La période 1944-1946 est marquée par la volonté de restaurer l’ordre républicain. Pour ce faire, les milices patriotiques sont dissoutes dès août 1944. Puis, les FFI et les FTP sont intégrés dans l’Armée nationale. Au niveau politique, le pragmatisme de De Gaulle se heurte aux contraintes du réel, aux jeux politiciens, au poids dominant de la gauche (majorité absolue à l’Assemblée). Preuve en est, l’un de ses proches Michel Debré défend un projet de simplification de la carte administrative en réduisant le nombre des départements à quarante ce qui est refusé par l’Assemblée. Ces expériences le confortent dans sa vision d’un pouvoir fort ce qui dès 1946 le pousse à dire à nouveau non (six ans après juin 1940). Il est également habité par l’idée d’une France forte dans le monde qui ne peut reposer que sur des institutions stables. Il lui manque de surcroit une organisation politique. C’est pourquoi, il crée le RPF en 1947 mais dont l’arrivée trop tardive ne lui permet pas de rivaliser avec les forces politiques bien ancrées que sont le PC, la SFIO et le MRP.
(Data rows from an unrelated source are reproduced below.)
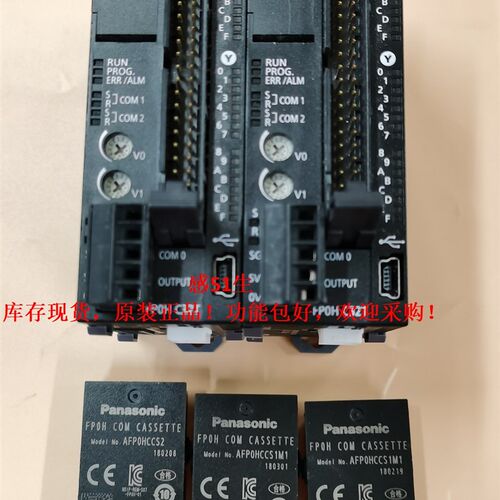 AFP0HC32T控制j器AFP0HC32ET自带Ethernet/FP0H C32ET/AFP0HPG02L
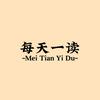 每天一读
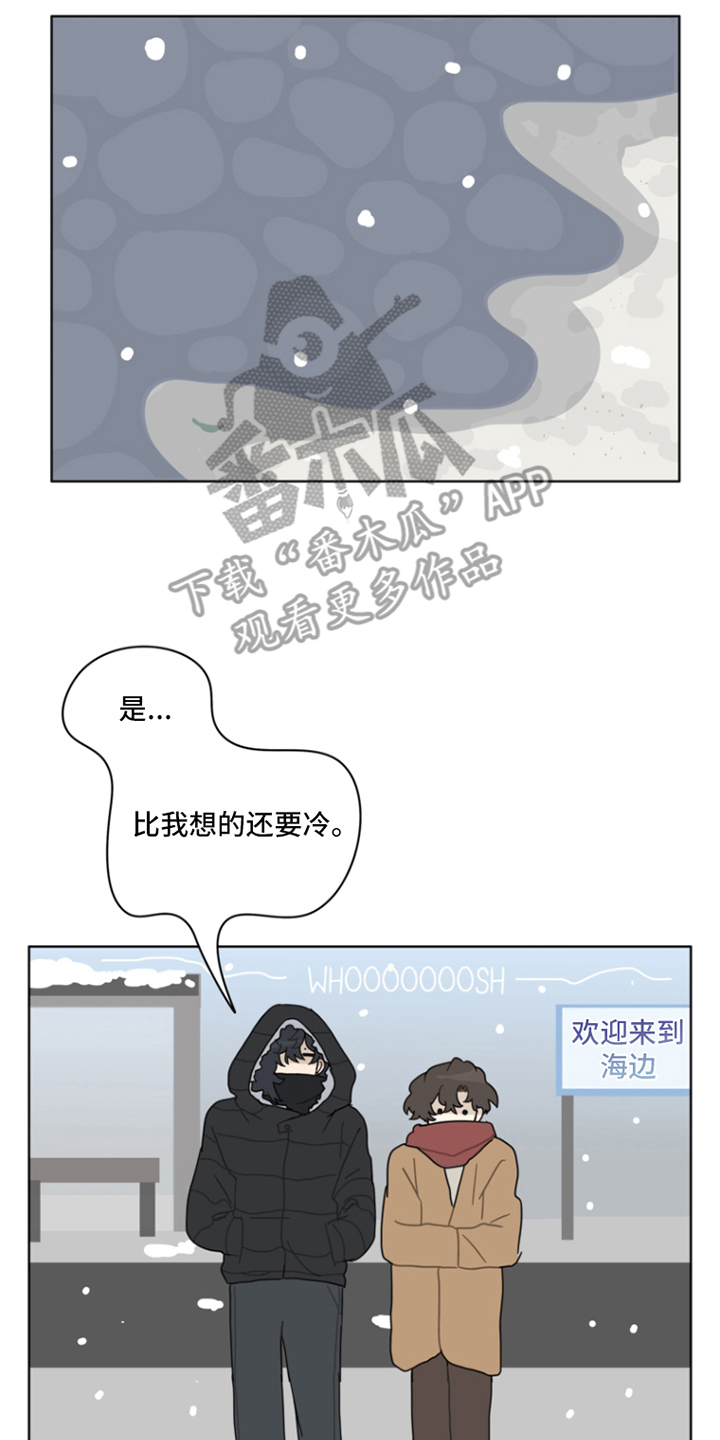 无解的话交给时间是什么意思漫画,第27章：归零1图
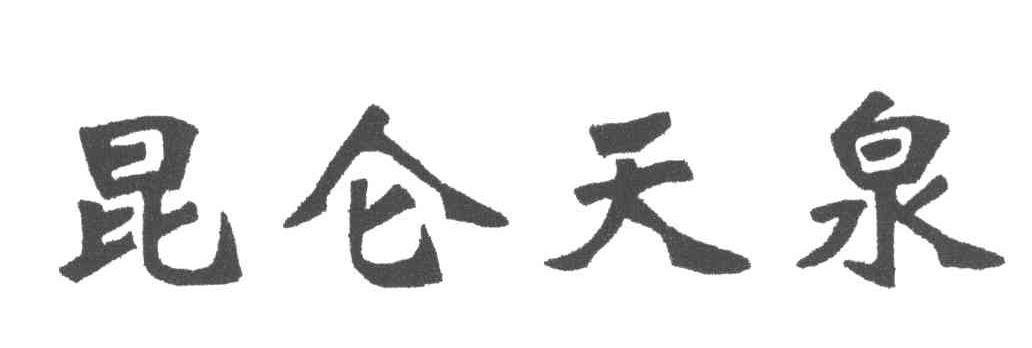 昆仑天泉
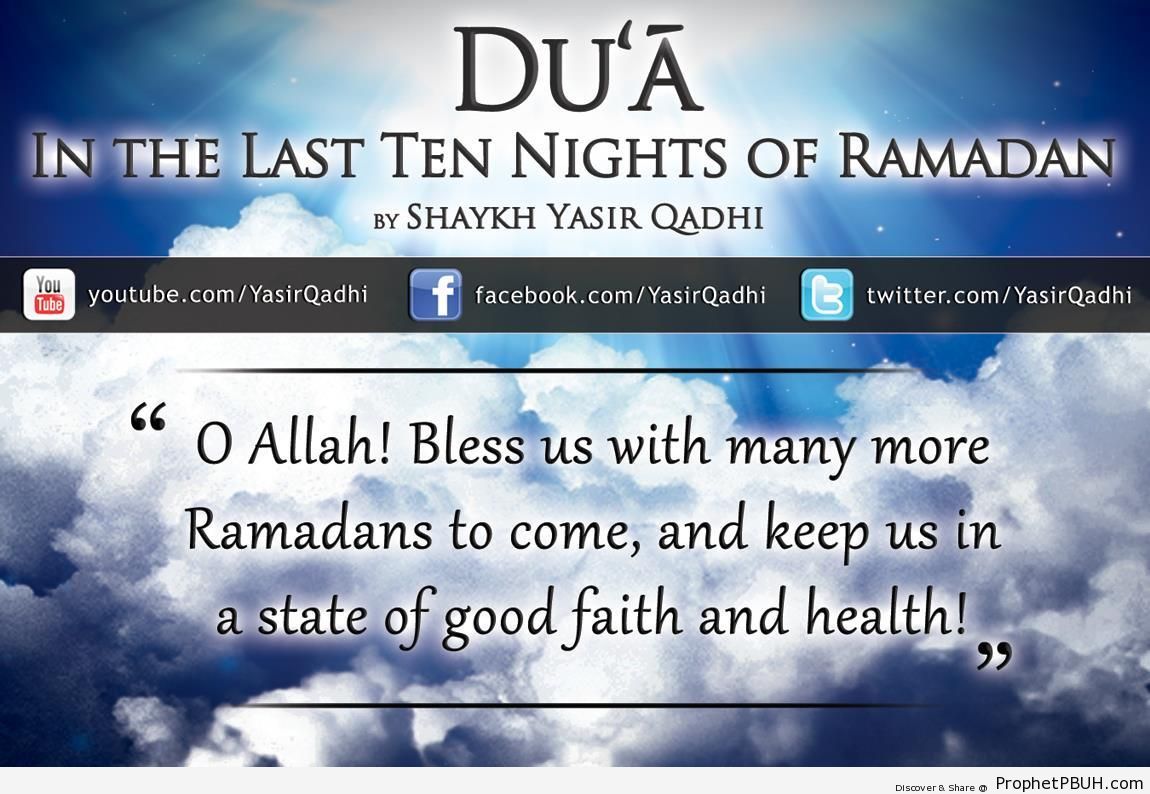 Bless Us With Many More Ramadans (From Yasir Qadhi) - Dua -Pictures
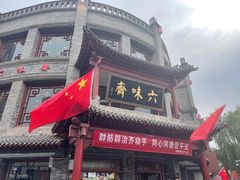 -六味斋(柳巷店)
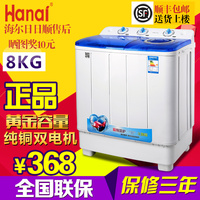 海尔售后万爱XPB80-108S 8公斤半自动洗衣机双桶双缸波轮家用脱水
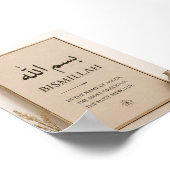 Bismillah Islamischer Dekorationsposter Poster (Ecke)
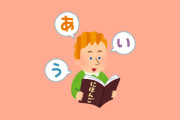 【悲報】韓国人「日本語学校で“オタク”を隠そうとした結果ｗ」
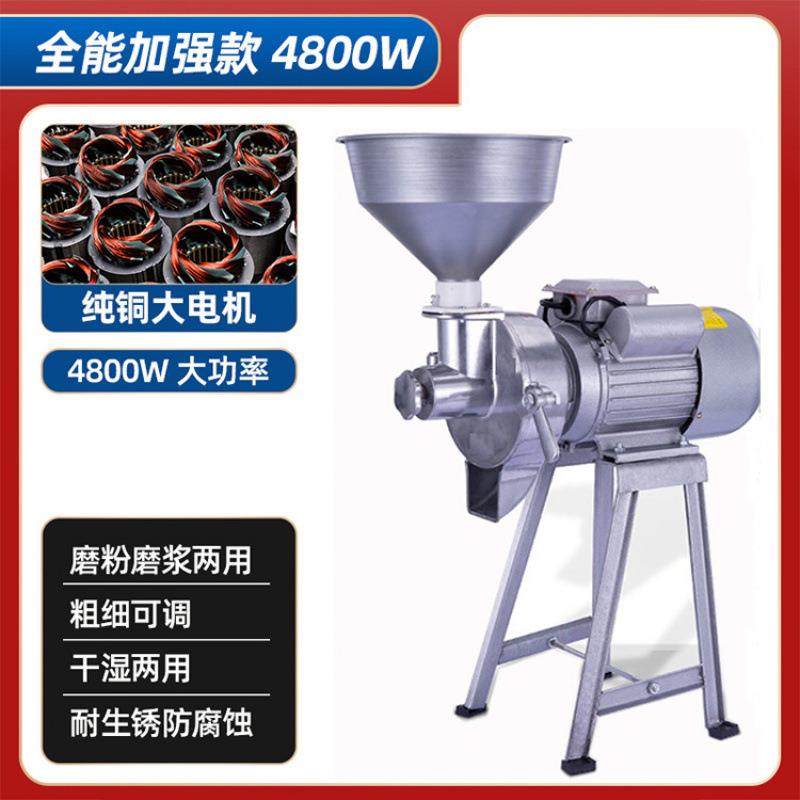 玉米粉碎机家用220V商用打粉五谷杂粮研磨超细小型干湿两用磨粉机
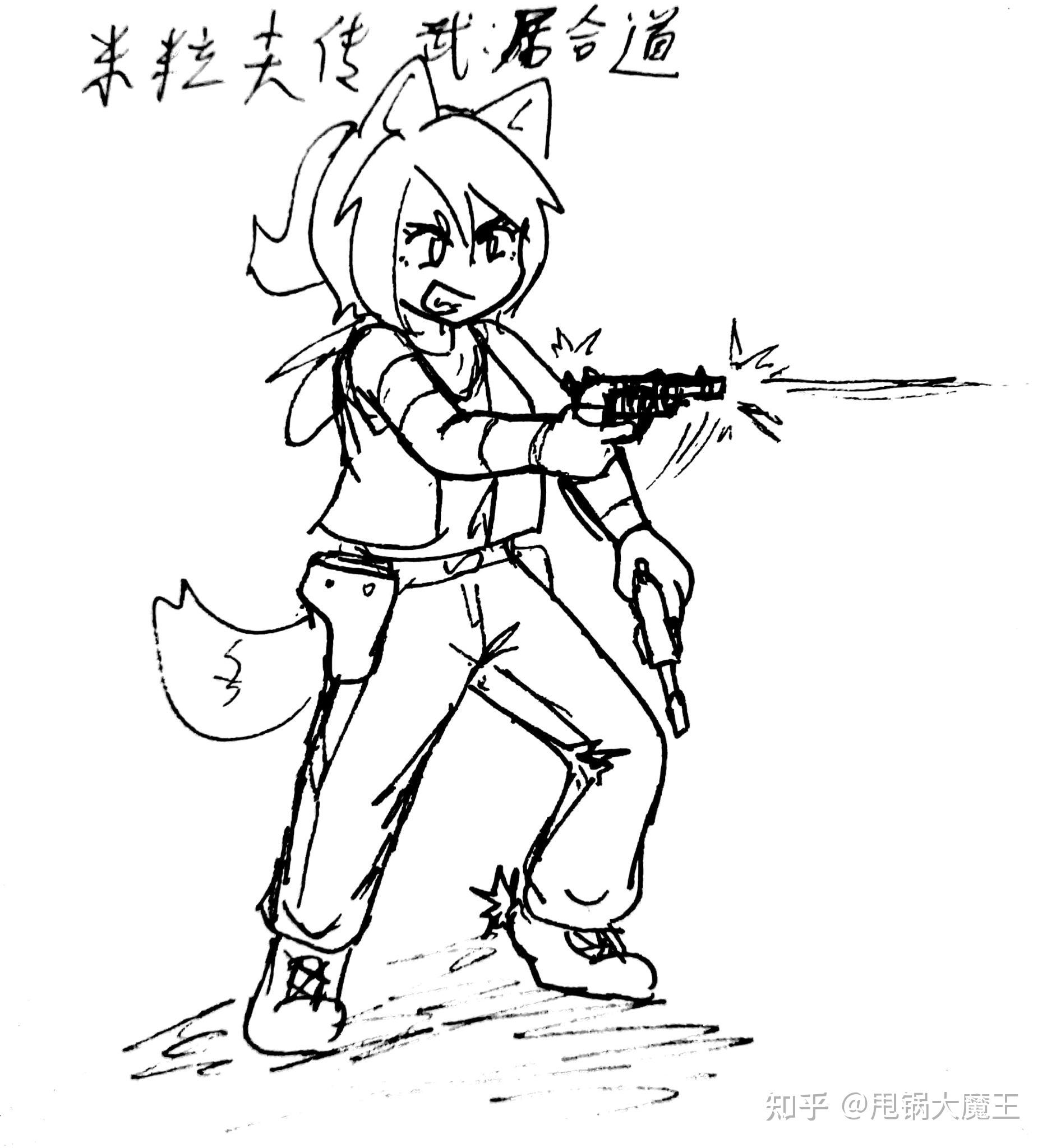 普通人如何迅速制服泰森一样的敌人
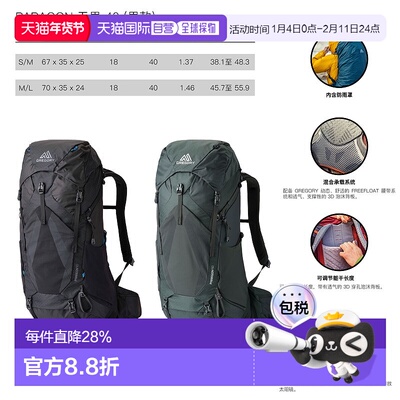 欧洲直邮GREGORY格里高利男士Paragon无界40徒步背包户外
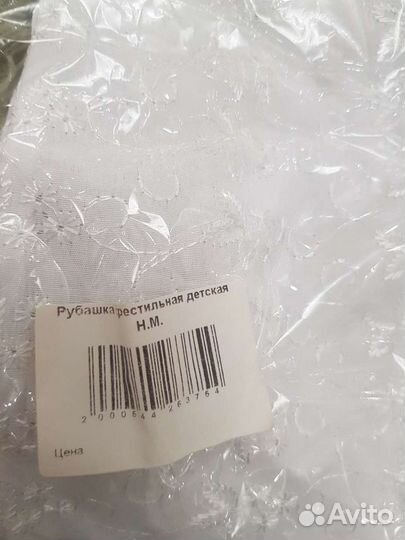 Крестильный набор новый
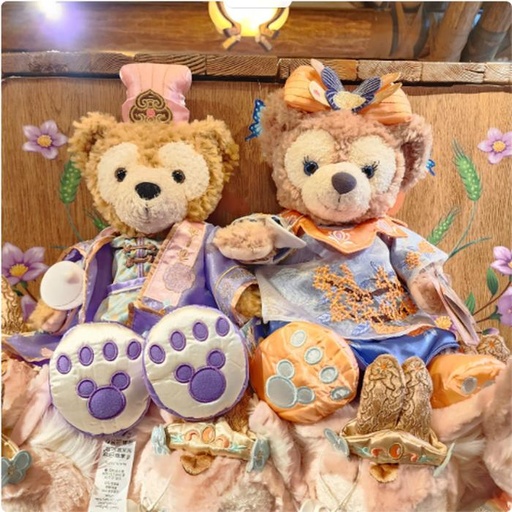 [10/14/2024-08:50-None1100] Big Plush Mid Autumn Duffy / Shellie 40 - 45 cm 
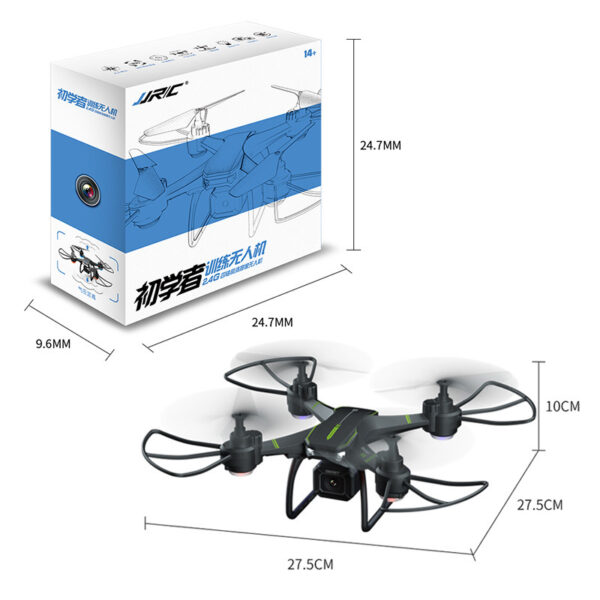 Third-order Remote Control HD Aerial Photography Toy - Image 9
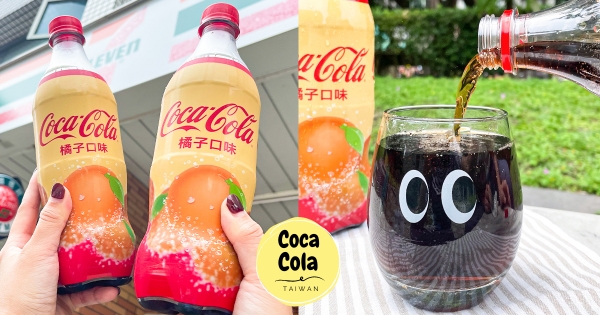 【全台】夏日消暑首選！　7-11「可口可樂橘子口味」人氣回歸　入口「清爽橘子味」秒被療癒～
Après son retrait de la vie politique, De Gaulle connait ce que d’aucuns appellent la traversée du désert. Pour autant, il met à profit cette période, pour écrire et murir son projet politique. Aussi, il transfigure la période 1940-1945 et institue ce qui convient de faire pour l’avenir. En revanche, la crise de Suez (1956) est un tournant géopolitique majeur pour De Gaulle. La crise montre la subordination des Britanniques et de la France aux États-Unis. En outre, les Accords de Nassau de 1962 subordonnent l’utilisation de l’arme nucléaire britannique à l’accord des États-Unis. L’ensemble conduit De Gaulle à défendre le programme nucléaire engagé par Pierre Mendès-France et Edgar Faure pour garantir la souveraineté française.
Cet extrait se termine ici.